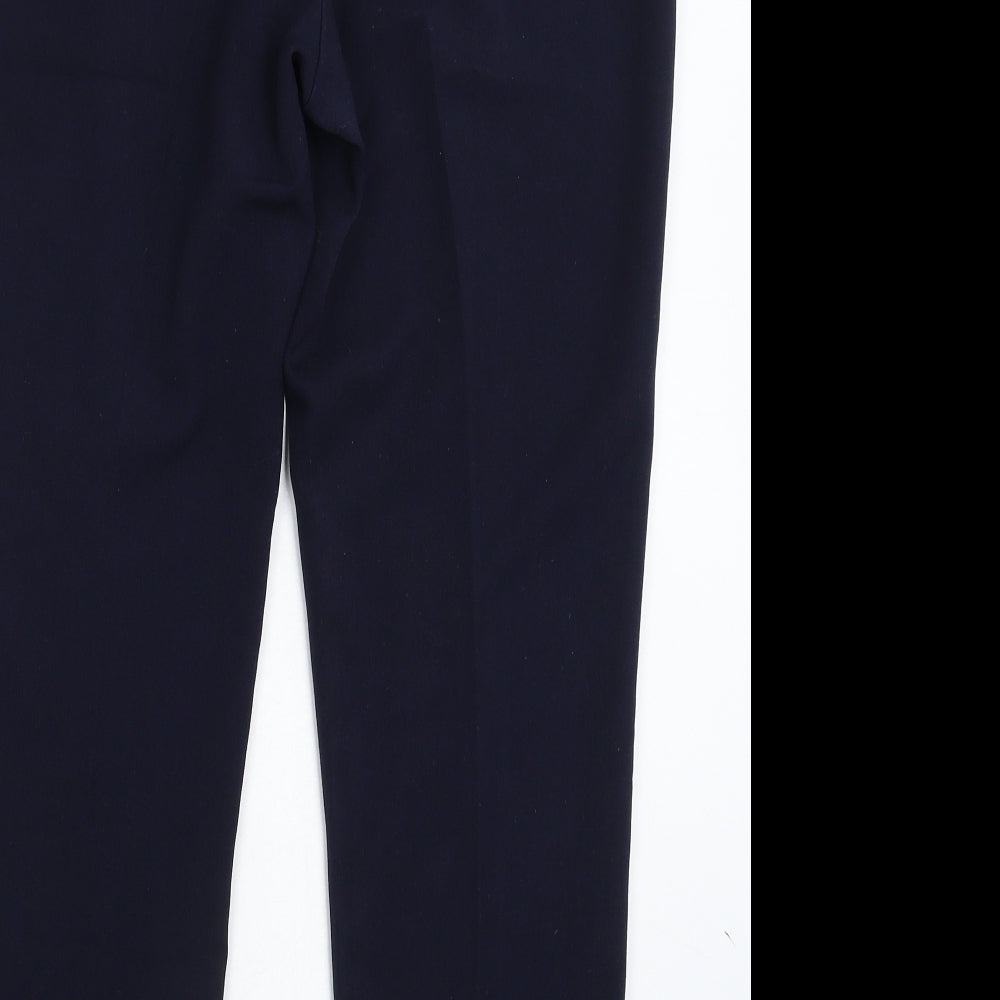 Brand and care label for F&F women’s blue trousers, size UK 10, 28-inch leg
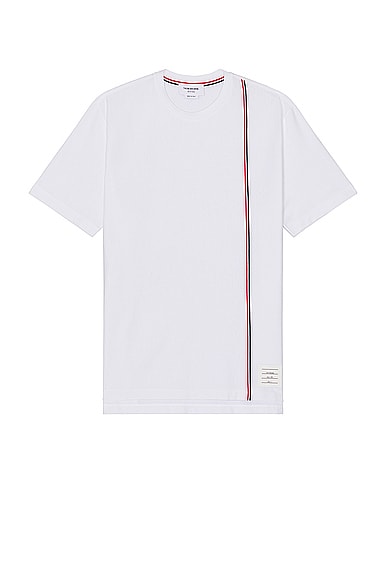Shop Thom Browne Rwb Stripe Short Sleeve Shirt In White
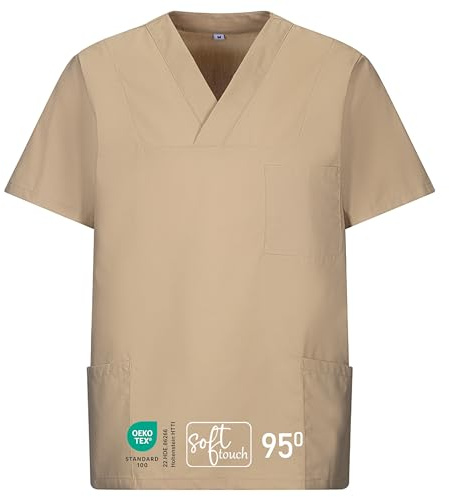 EXNER Medizinischer Schlupf-Kasack, OP-Kasack, Unisex, für Krankenpflege, Altenpflege, Farbe Sand, Größe 7XL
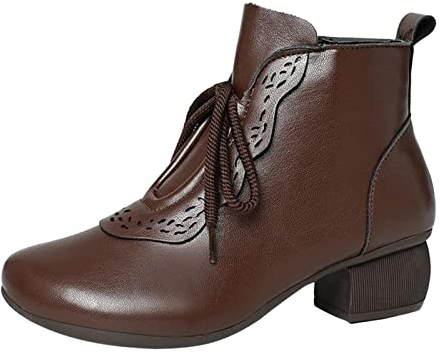 Scarpe Donna Tivali Pioggia Gomma Alti Morbida Pelle Tendine di Manzo Fondo Morbido Tacco Piatto Singole Punta Rotonda Four Seasons Folk Custom Stivali Neri Giardini da Neve (Coffee, 38)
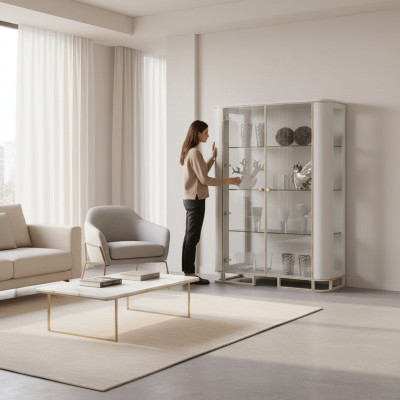 Meuble de vitrine de designer en bois blanc de luxe Vitrine d’exposition Design Cabinet Mobilier en bois italien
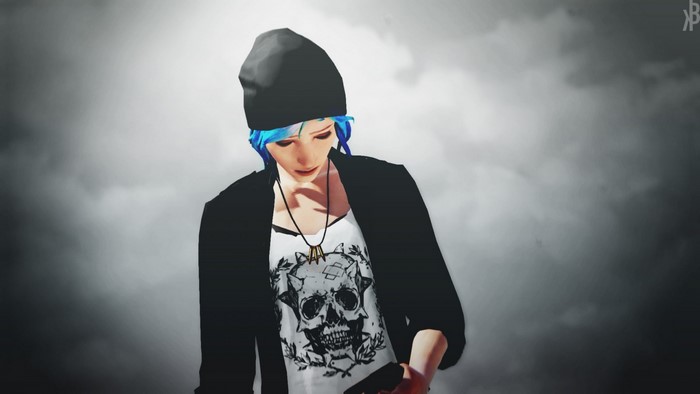 Chloe Price from Life Is Strange wearing a beanie and skull t-shirt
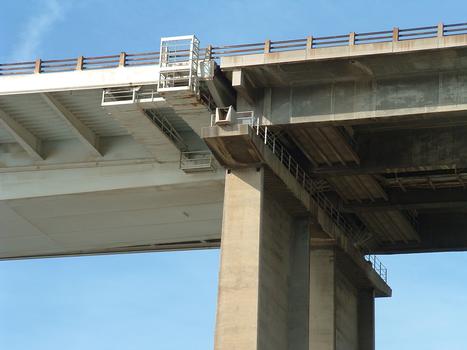 Viaduc de Martigues - Le pont principal et viaduc d'accès Est - Jonction et pile commune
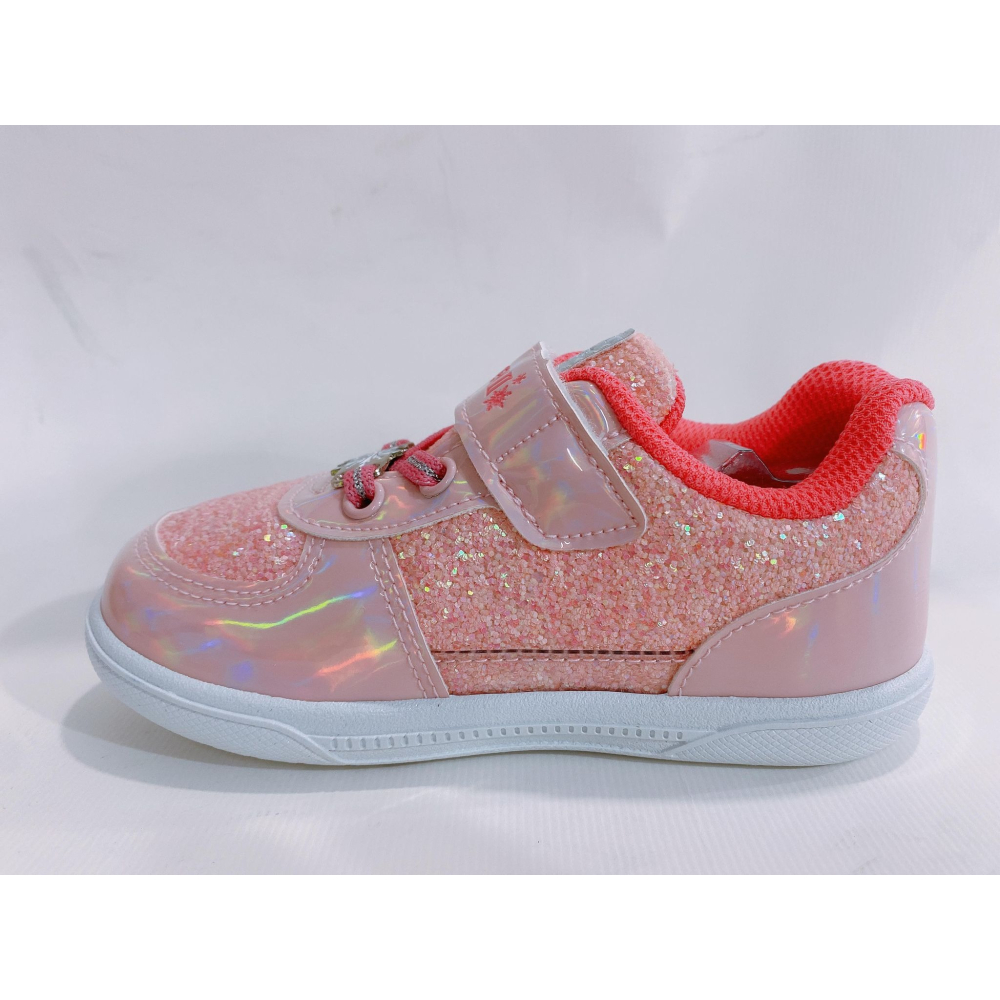 金英鞋坊2館 Frozen 冰雪奇緣 童款閃亮休閒運動鞋  14413-蜜桃粉 台灣製造  超低直購價290元-細節圖5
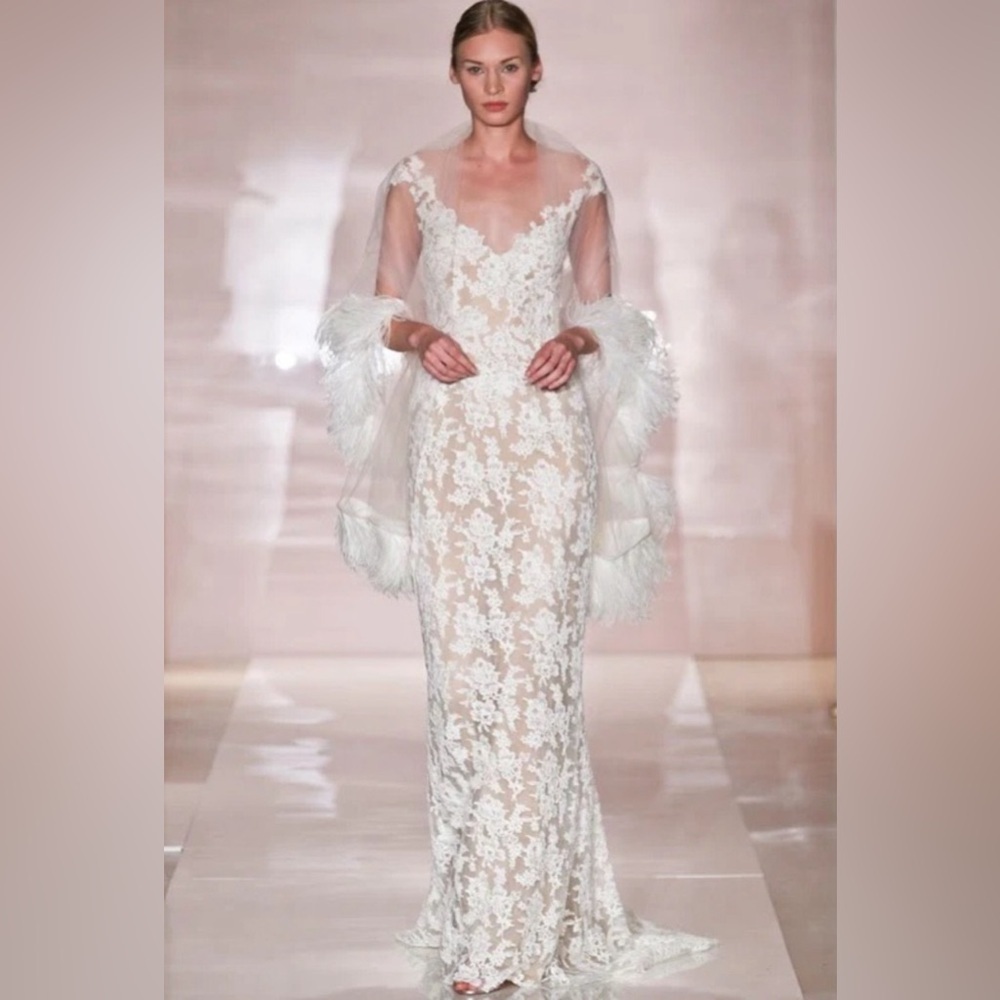 Reem Acra Eve Illusion Yoke Embroidered Lace Column Wedding Dress Gown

■ **Exercise goal**
Reproduce the entries above exactly, though not their pictures.

■ **Result for this exercise**
 Brand and care label for F&F women’s blue trousers, size UK 10, 28-inch leg
Shop Thom Browne Rwb Stripe Short Sleeve Shirt In White
 EXNER Medizinischer Schlupf-Kasack, OP-Kasack, Unisex, für Krankenpflege, Altenpflege, Farbe Sand, Größe 7XL
 Scarpe Donna Tivali Pioggia Gomma Alti Morbida Pelle Tendine di Manzo Fondo Morbido Tacco Piatto Singole Punta Rotonda Four Seasons Folk Custom Stivali Neri Giardini da Neve (Coffee, 38)
 Meuble de vitrine de designer en bois blanc de luxe Vitrine d’exposition Design Cabinet Mobilier en bois italien
 Chloe Price from Life Is Strange wearing a beanie and skull t-shirt
 Viaduc de Martigues - Le pont principal et viaduc d'accès Est - Jonction et pile commune
 金英鞋坊2館 Frozen 冰雪奇緣 童款閃亮休閒運動鞋  14413-蜜桃粉 台灣製造  超低直購價290元-細節圖5
 Reem Acra Eve Illusion Yoke Embroidered Lace Column Wedding Dress Gown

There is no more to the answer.